### Exercise:
Give again, unaltered, the lines of the listing below that run from the line having "330 N Harbison" through the line having "19524 SE 24th Place Sammamish WA 98075".

### Data to examine:
========================

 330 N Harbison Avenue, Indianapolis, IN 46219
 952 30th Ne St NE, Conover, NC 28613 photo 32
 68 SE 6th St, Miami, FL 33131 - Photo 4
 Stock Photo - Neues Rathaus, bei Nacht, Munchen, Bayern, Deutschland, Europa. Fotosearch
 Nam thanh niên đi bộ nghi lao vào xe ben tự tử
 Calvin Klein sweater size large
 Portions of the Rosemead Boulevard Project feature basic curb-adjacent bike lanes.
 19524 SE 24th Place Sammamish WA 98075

========================

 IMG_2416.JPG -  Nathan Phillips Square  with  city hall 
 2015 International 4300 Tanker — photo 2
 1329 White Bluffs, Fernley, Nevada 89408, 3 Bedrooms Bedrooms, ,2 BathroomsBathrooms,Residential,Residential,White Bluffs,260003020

========================

### The completed task:
 330 N Harbison Avenue, Indianapolis, IN 46219
 952 30th Ne St NE, Conover, NC 28613 photo 32
 68 SE 6th St, Miami, FL 33131 - Photo 4
 Stock Photo - Neues Rathaus, bei Nacht, Munchen, Bayern, Deutschland, Europa. Fotosearch
 Nam thanh niên đi bộ nghi lao vào xe ben tự tử
 Calvin Klein sweater size large
 Portions of the Rosemead Boulevard Project feature basic curb-adjacent bike lanes.
 19524 SE 24th Place Sammamish WA 98075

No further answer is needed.